In [30]:
# imports
import typing
import os
import math
import tensorflow as tf
from tensorflow import keras
import numpy as np
from numpy import genfromtxt
from numpy.lib import recfunctions as rfn
import pandas as pd
import sklearn
from sklearn.preprocessing import MinMaxScaler
from IPython.display import display, Math, Latex
print(tf.__version__)

2.11.0


In [16]:
# colab config
#from google.colab import drive
#drive.mount('/content/drive')
#os.chdir('/content/drive/My Drive/cs470')

# Data Preprocessing

## Data Loading

The dataset was downloaded from Kaggle. It contains 32 Columns of 1,000,000 entries. Since it is 216.59 MB, it may take time to load.
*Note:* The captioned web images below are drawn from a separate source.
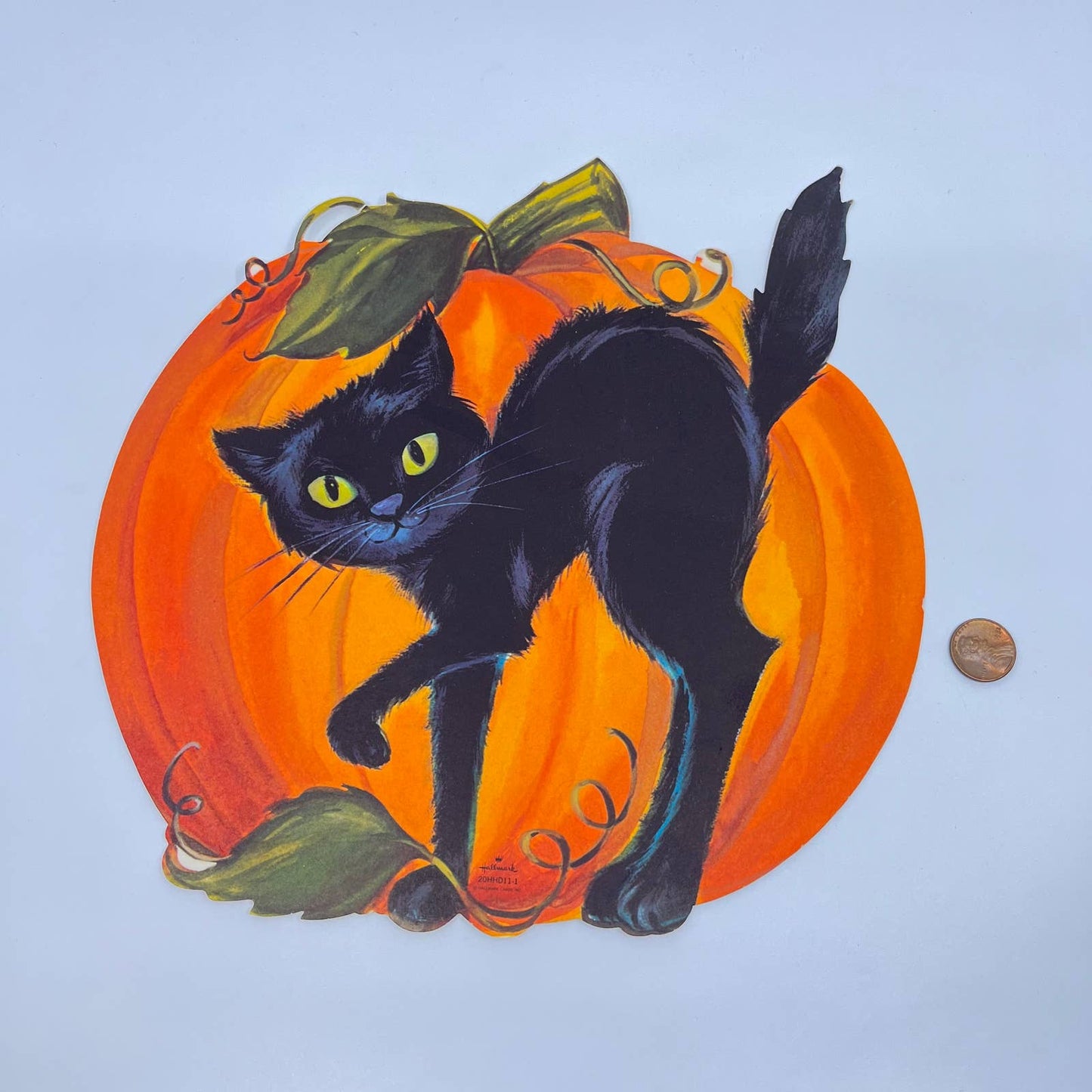 1970s Hallmark Die Cut Halloween Decoration 10” Black Cat Jack-O-Lantern FL3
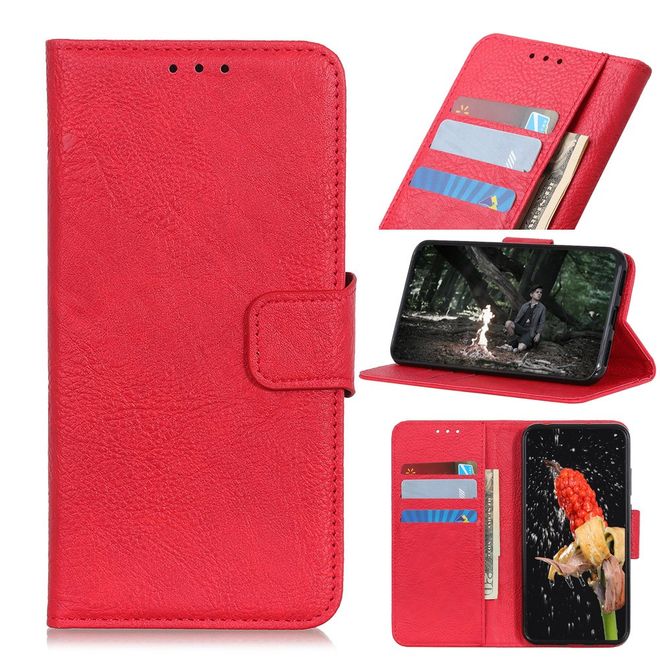 Sony Xperia 10 II Handy Hülle - Litchi Leder Bookcover Series - rot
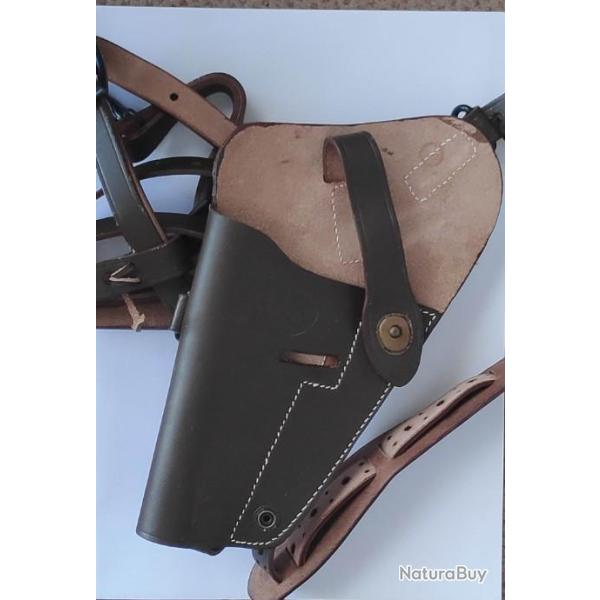 Holster de poitrine pour Colt45 US cuir marron fonc�  - gaucher REPRODUCTION de haute qualit�.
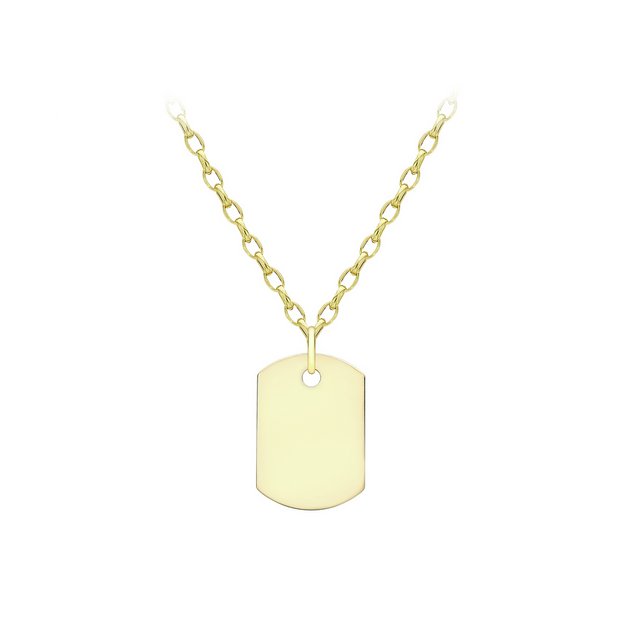 Revere 9ct gold dog tag pendant necklace (British brand)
_in this project, "label" will refer to column categories, and "data_actual" will refer to the actual value of the data_

In [17]:
data = pd.read_csv("Base.csv") # load csv from drive
classification = data.pop("fraud_bool") # remove classification label from dataset
labels = data.keys() # get column labels

# Data Analysis
## Balance check
Our dataset is extremely imbalanced. This is due to the fact that fraudulence overwhelmingly rare in the dataset.

In [33]:
Latex(f'In the complete data set, {classification.sum()} are fraud ({100*classification.sum()/len(classification):.3f}%)')
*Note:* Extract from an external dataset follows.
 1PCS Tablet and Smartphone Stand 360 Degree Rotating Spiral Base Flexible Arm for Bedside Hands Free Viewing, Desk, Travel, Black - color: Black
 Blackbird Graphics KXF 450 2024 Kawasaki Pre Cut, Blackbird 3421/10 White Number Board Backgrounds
<IPython.core.display.Latex object>

# One-hot vectorization

Machine learning algorithms have a hard time understanding strings. To confront this, we replace a column of multiple unique string values with multiple columns for each unique category. These columns contain a boolean to indicate which category it was. This is alternatively known as a _One-hot_.

In [18]:
# one-hotify labels
labels_categorical = ["payment_type", "employment_status", "housing_status", "source", "device_os"] # list that contains columns to be binarized
labels_vectorized = [] # list that contains all newly created binarized columns
for label in labels_categorical:
    label_index = data.columns.get_loc(label)
    column_binarized = pd.get_dummies(data[label])
    for label_binarized in column_binarized:
        # new label joins the category with the original column name
        label_binarized_new = label + "_" + label_binarized
        data.insert(
            label_index,
            label_binarized_new,
            column_binarized[label_binarized])
        labels_vectorized.append(label_binarized_new)
    del data[label]
# prove that removal occurred and that new columns were added
assert("payment_type" not in data.columns and "device_os" not in data.columns and "device_os_windows" in data.columns)
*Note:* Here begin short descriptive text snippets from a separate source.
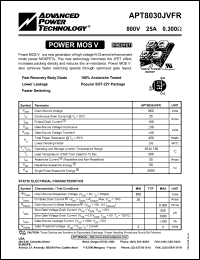 datasheet for APT8030JVFR by Advanced Power Technology (APT)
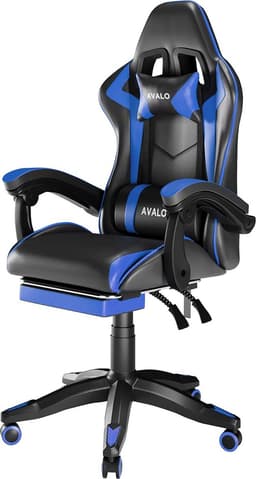 Productfoto van Avalo Gaming Stoel - Gamestoel Ergonomisch Verstelbaar - Zwart/Blauw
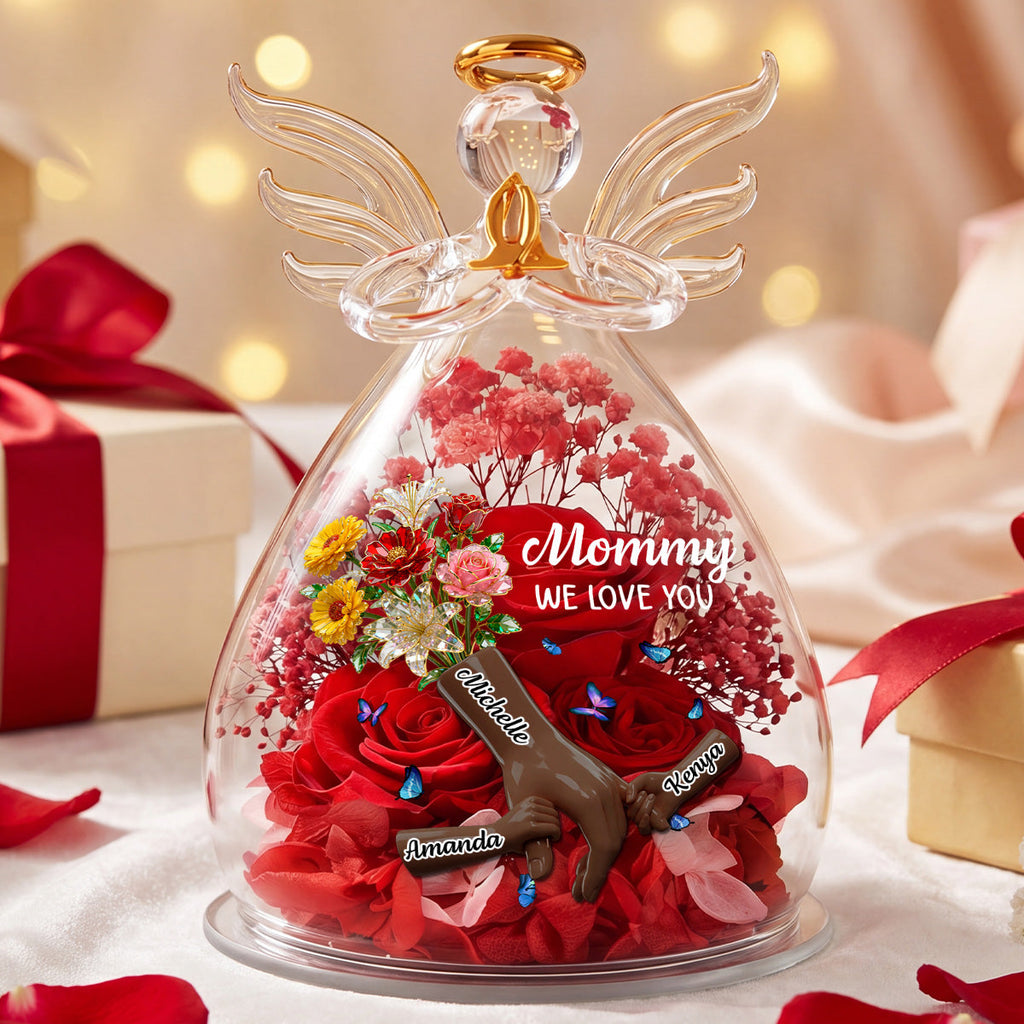 Mommy We Love You - Personalized Angel Dome With Preserved Flowers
# Minimum-Maximum Normalization

The backpropagation algorithm will eventually attempt to normalize the range of values within a column to become from 0 to 1. We can save time by preprocessing the data beforehand, shaving seconds if not minutes off of training.

In [19]:
# minimum-maximum normalization
scaler = MinMaxScaler() # scales data between 0 and 1
for label in labels:
    if label not in labels_categorical: # check only the ones that were not categorical (this implies columns of numbers, not strings)
        data[label] = scaler.fit_transform(data[[label]])

# Data Partitioning

Finally, the data will be partitioned into both training and evaluation subsets.

In [20]:
# data partitioning
training_ratio = 0.85 # this percent will be used for training
training_index = math.floor(len(data)*training_ratio)
data_training = (data[:training_index]) # training data
labels_training = pd.DataFrame(classification[:training_index]) # training data's actual value
data_evaluation = (data[training_index:]) # evaluation data
labels_evaluation  = pd.DataFrame(classification[training_index:]) # evaluation data's actual value

# Model Design

We will be using a simple Multilayer Neural Network for this project. This is because our data is simply just numbers, which have no spatial significance (like an image), so we will not be using a Convolutional Neural Network.

In [54]:
# model design

model = keras.Sequential(
    [
        keras.layers.Dense(256, activation="relu", input_shape=(data_training.shape[-1],)),
        keras.layers.Dense(256, activation="relu"),
        keras.layers.Dropout(0.3),
        keras.layers.Dense(256, activation="relu"),
        keras.layers.Dropout(0.3),
        keras.layers.Dense(1, activation="sigmoid"),
    ]
)

# Model Compilation

In [55]:
model.compile(optimizer='adam',
              loss=tf.keras.losses.BinaryCrossentropy(),
              metrics=[tf.keras.metrics.BinaryAccuracy(),tf.keras.metrics.Precision(), tf.keras.metrics.Recall(), tf.keras.metrics.FalsePositives(), tf.keras.metrics.FalseNegatives(), tf.keras.metrics.TrueNegatives(), tf.keras.metrics.TruePositives()])
model.build()
model.summary()

Model: "sequential_11"
_________________________________________________________________
 Layer (type)                Output Shape              Param #   
 dense_45 (Dense)            (None, 256)               13568     
                                                                 
 dense_46 (Dense)            (None, 256)               65792     
                                                                 
 dropout_14 (Dropout)        (None, 256)               0         
                                                                 
 dense_47 (Dense)            (None, 256)               65792     
                                                                 
 dropout_15 (Dropout)        (None, 256)               0         
                                                                 
 dense_48 (Dense)            (None, 1)                 257       
                                                                 
Total params: 145,409
Trainable params: 145,409
Non-t

# Model Training

In [56]:
history = model.fit(
    x=data_training,
    y=labels_training,
    epochs=3)

Epoch 1/3


2022-12-12 17:14:08.729965: W tensorflow/tsl/framework/cpu_allocator_impl.cc:82] Allocation of 353600000 exceeds 10% of free system memory.


Epoch 2/3
Epoch 3/3


In [59]:
history = model.evaluate(data_evaluation, labels_evaluation)



In [None]:
model.predict(np.array([evaluation_dataset[5]]))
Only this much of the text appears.